After thionamide cessation, thyrotoxicosis recurred in 31% of patients (82/266) at 1 year, 43% (111/261) at 2 years, 54% (125/232) at 3 years, and 66% (128/193) at 4 years.

Very high TRAb levels at diagnosis – those above 12 mU/L – were associated with a statistically significant 84% risk of recurrence over a 4-year period, compared with a 57% risk with diagnosis levels below 5mU/L (P = .002).

TRAb levels below 0.9 mU/L at cessation of an 18-month course of thionamide treatment were associated with a 22% risk of recurrence at 1 year and a 58% risk at 4 years. Those risks were significantly higher in patients whose TRAb levels were at least 2 mU/L at thionamide cessation, who had a 51% risk at 1 year and an 86% risk at 4 years (P less than 0.001). Relapse risk was highest in the first 18 months after cessation.

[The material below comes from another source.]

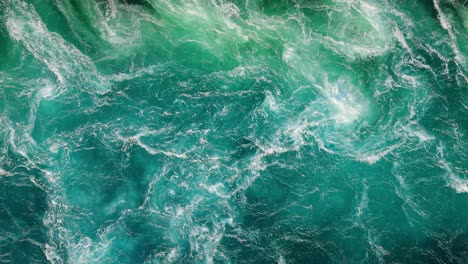 las olas azules de agua del río y el mar se encuentran durante la marea alta y la marea baja.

Younger age and time to TSH normalization also predicted relapse to some extent. Among patients who stayed in remission for 4 years, TSH normalized at a median of about 4 months after the start of drug treatment, but 6 months in those who relapsed. Similarly, patients who relapsed were a median of 39 years old at diagnosis; those who did not were a median of 47.

The investigators had no relevant financial disclosures.